### Aim of the exercise
Look through the records below for the line with "Sumpen - Jeremiah 8 - P&aring; danska". Return that line and each one after it up to and including the line with "SPOTICAR Seat Tarraco", exactly.

### Materials provided
================

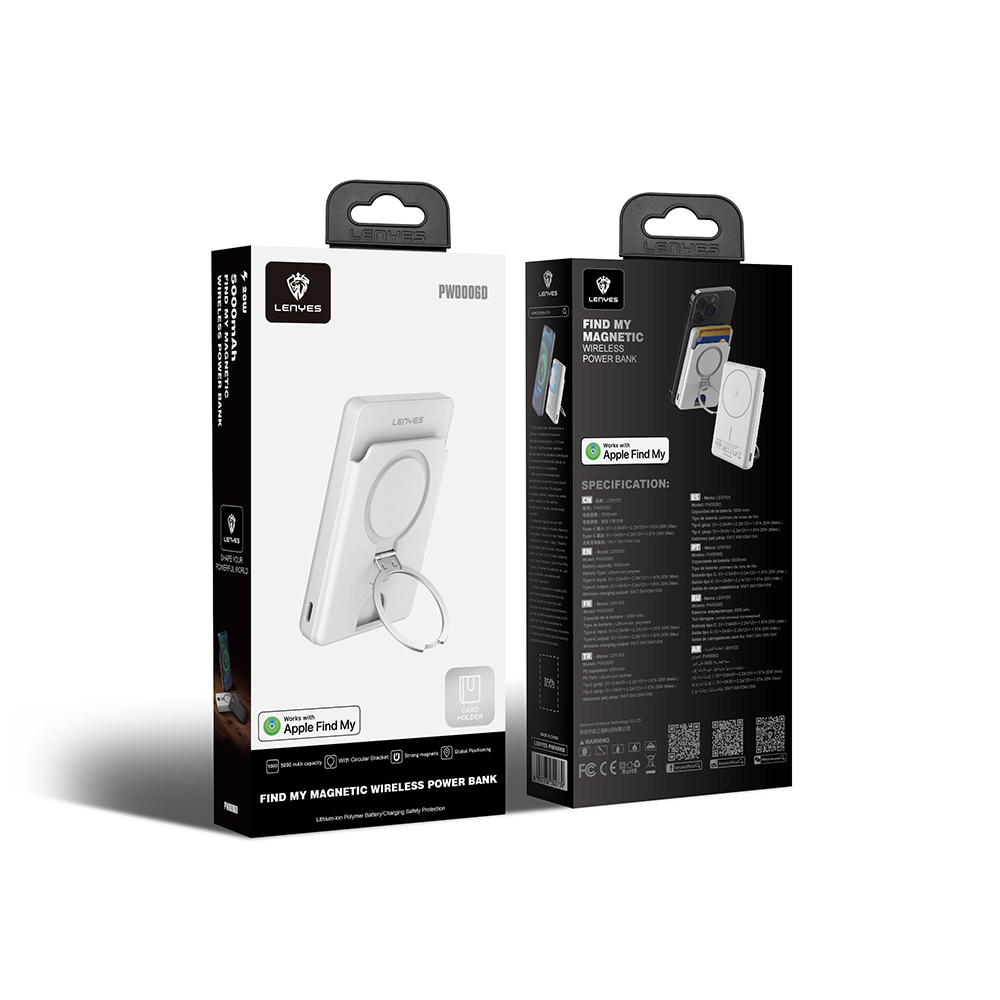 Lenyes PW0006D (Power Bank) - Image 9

================

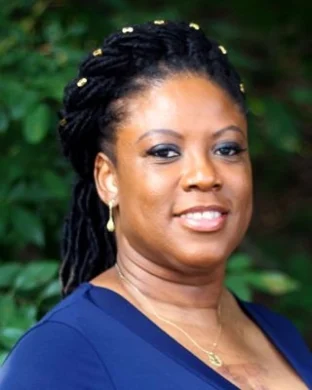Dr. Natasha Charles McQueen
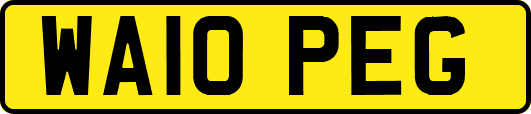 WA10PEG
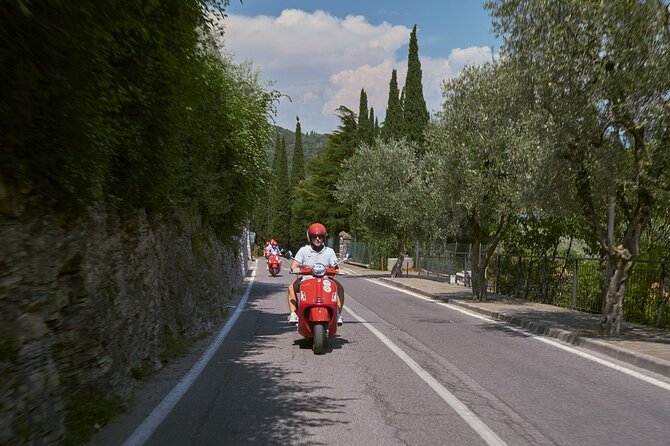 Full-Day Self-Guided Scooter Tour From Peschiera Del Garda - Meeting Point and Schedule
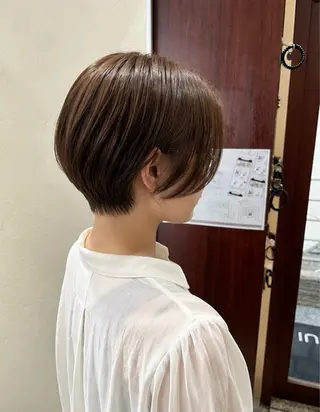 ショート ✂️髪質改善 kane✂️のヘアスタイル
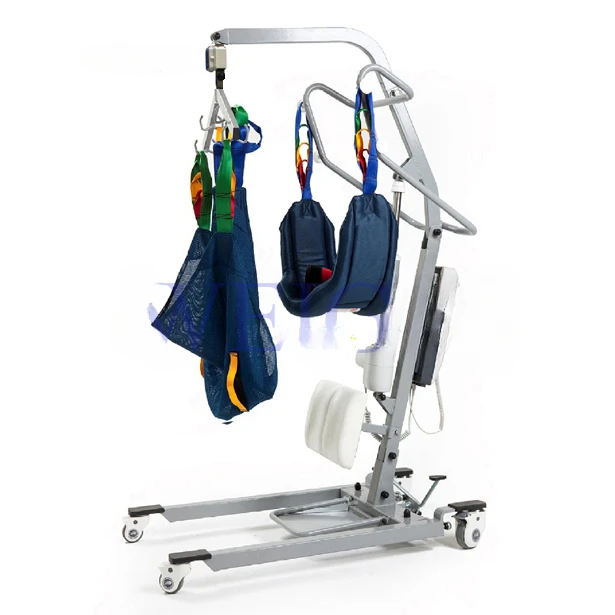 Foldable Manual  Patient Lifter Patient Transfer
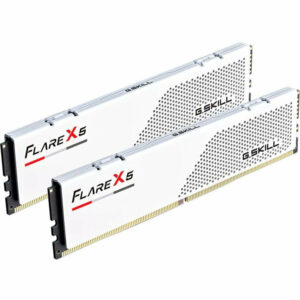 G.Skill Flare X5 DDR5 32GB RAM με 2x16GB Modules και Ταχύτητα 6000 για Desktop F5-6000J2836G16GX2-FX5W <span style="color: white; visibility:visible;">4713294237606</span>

================

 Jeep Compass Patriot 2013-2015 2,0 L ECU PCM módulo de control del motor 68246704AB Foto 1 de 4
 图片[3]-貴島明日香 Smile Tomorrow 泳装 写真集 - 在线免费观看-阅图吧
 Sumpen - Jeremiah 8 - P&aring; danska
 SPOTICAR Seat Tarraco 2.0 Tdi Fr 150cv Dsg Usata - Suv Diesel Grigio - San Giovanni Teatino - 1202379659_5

================

### Response below
 Sumpen - Jeremiah 8 - P&aring; danska
 SPOTICAR Seat Tarraco 2.0 Tdi Fr 150cv Dsg Usata - Suv Diesel Grigio - San Giovanni Teatino - 1202379659_5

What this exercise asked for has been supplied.